The use of cold or hot-aisle containment is also a very efficient aid to cooling: Find out more about Cold & Hot Aisle Containment
Server Rack Design
A server rack is basically a four-post frame with side panels and front and rear doors. The side panels are usually unvented and removable. The front door can be solid or glass vented or fully meshed, and the back door may be optional or similar to the front door. Equipment is fitted into the rack via the 19" rack uprights either directly as in the case of switches or using slide rails attached between the front and rear 19” uprights. Thermal and environmental monitoring and management is essential within any server room.
It is vital to ensure that the cooling air is supplied via the front of the rack, and reaches all the active equipment within the rack and passes the warmer air out efficiently. Any gaps, open doors or left offside panels reduce efficiency by allowing air to escape without carrying out its cooling purpose. Ensuring these major leakage points are addressed gives several benefits, e.g. efficient airflow reduces demand improving energy efficiency. It can also support more server equipment within the racks for the same energy use, and the removal of hot-spots cuts fire risk and improves the operating life of the equipment.
Managing and Improving Air Flow Efficiency in the Server Rack
Server rack airflow management requires open or unsealed spaces that reduce airflow efficiency be minimised. Consider the following points for improving airflow efficiency:
- Rack U Spacing: In many cases, not all the vertical U will be used as extra space may be needed to cope for future expansion – in this case, ensure any empty ‘U’ is covered with a suitably sized blanking plate sized to prevent any air gaps.
- Equipment Positioning: Layout equipment with care within the rack. As heat rises, it may be necessary to consider which equipment generates the most heat and where to fix this to minimise possibilities of lower-placed equipment heating higher placed equipment – bear in mind that some UPS systems with batteries require an ambient temperature of 20-25˚C
- Equipment Consolidation: Improvements in airflow and cooling efficiency can be improved by considering consolidating active equipment in separate racks to passive equipment such as patch panels. Three well-optimised server racks could be more efficient and cost less to cool than two poorly laid out racks.

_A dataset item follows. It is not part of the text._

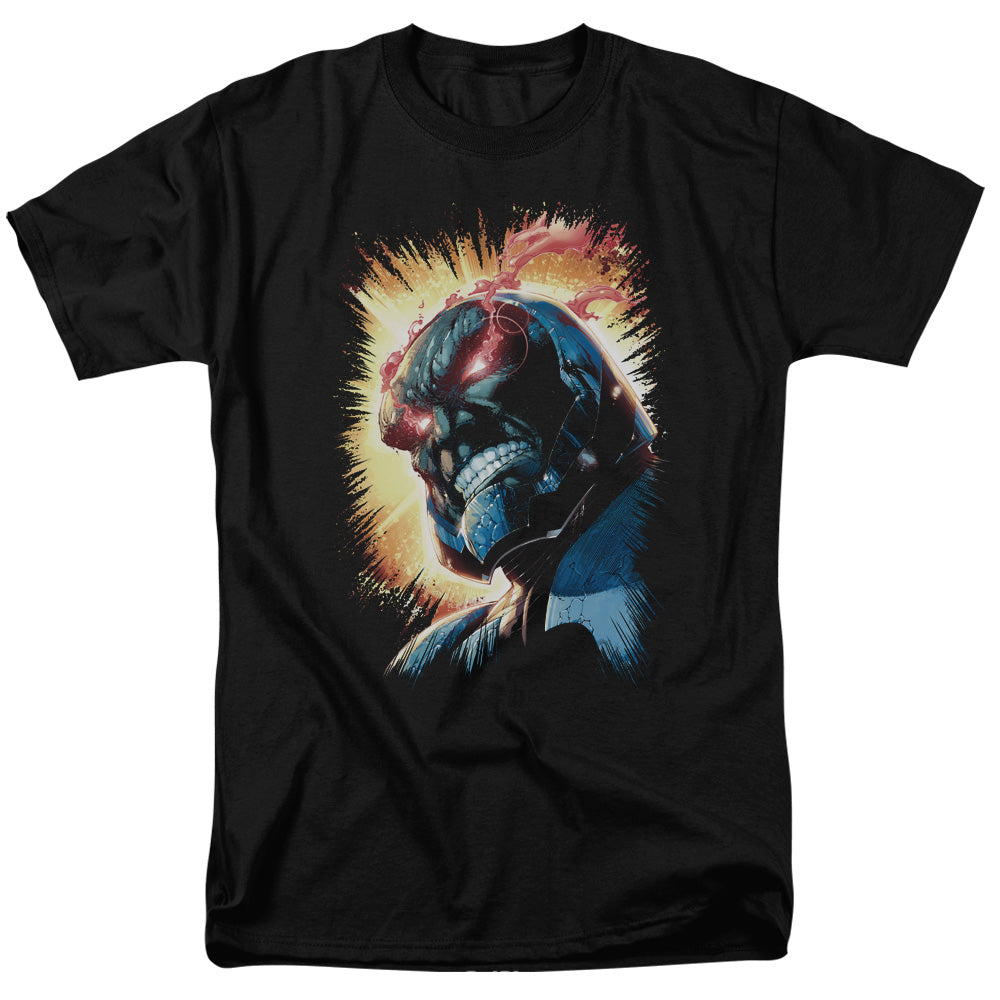 JLA - Darkseid Is Adult Regular Fit Short Sleeve product image 1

- Side Panels and 19” Uprights: The space between the side panels and the 19” rails, with the equipment installed, can exacerbate bypass airflow, which occurs when cooling air does not pass through the equipment space before being exhausted. This will need to be investigated and sealed if necessary.

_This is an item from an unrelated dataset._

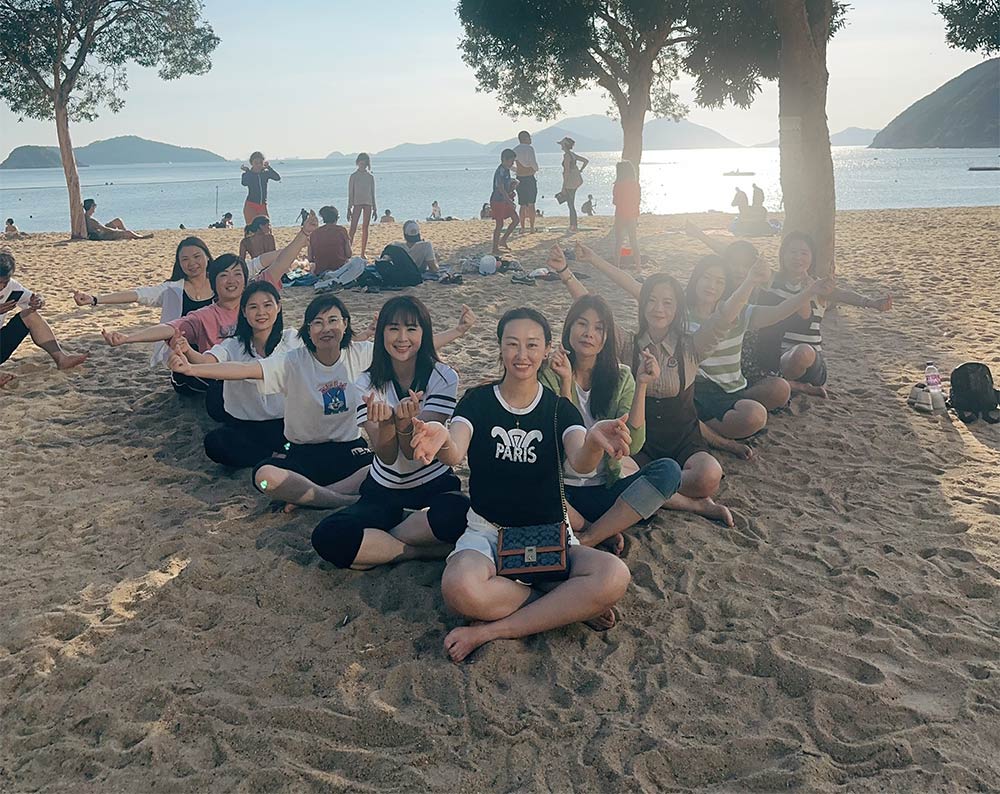 2023年11月，公司组织的港澳之旅(图4)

- Rack Roof: If a roof fan tray is present, it is vital to ensure adequate airflow space around the tray inside and outside the rack to avoid any adverse effects on the cooling.

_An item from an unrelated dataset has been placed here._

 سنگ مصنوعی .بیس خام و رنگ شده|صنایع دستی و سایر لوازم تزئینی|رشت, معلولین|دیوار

- Front Door: Door style is important; whichever door style is used will depend on the overall design of the cooling system for the rack. Vented front doors are usually used within uncontained or cold-aisle setups, and solid unvented doors can be used where a hot-aisle design draws air from below and exhausts warm air to top ducts.
- Rear Doors: The rear door is usually needed for access to inputs and power terminals, and in many cases, will be a solid door. Care needs to be taken to ensure any bypass airflow is minimised and that exhaust air is directed efficiently back to the air conditioner.
- Temperature Monitoring: Ambient temperatures within a server rack can vary, so temperature or temperature and humidity sensors should be located within the rack to both the front and rear at the bottom, middle and top sections of the racks. It is also advisable to include sensors for smoke and water detection.